Records provided Start Marker

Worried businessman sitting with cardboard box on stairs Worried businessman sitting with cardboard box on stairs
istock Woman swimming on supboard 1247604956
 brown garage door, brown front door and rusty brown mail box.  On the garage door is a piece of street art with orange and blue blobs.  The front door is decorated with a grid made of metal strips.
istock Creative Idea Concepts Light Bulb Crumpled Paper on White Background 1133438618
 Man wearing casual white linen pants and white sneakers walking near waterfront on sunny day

Records provided End Marker

**Work order**: Output all records verbatim.

**Exercise answer**:
Worried businessman sitting with cardboard box on stairs Worried businessman sitting with cardboard box on stairs
istock Woman swimming on supboard 1247604956
 brown garage door, brown front door and rusty brown mail box.  On the garage door is a piece of street art with orange and blue blobs.  The front door is decorated with a grid made of metal strips.
istock Creative Idea Concepts Light Bulb Crumpled Paper on White Background 1133438618
 Man wearing casual white linen pants and white sneakers walking near waterfront on sunny day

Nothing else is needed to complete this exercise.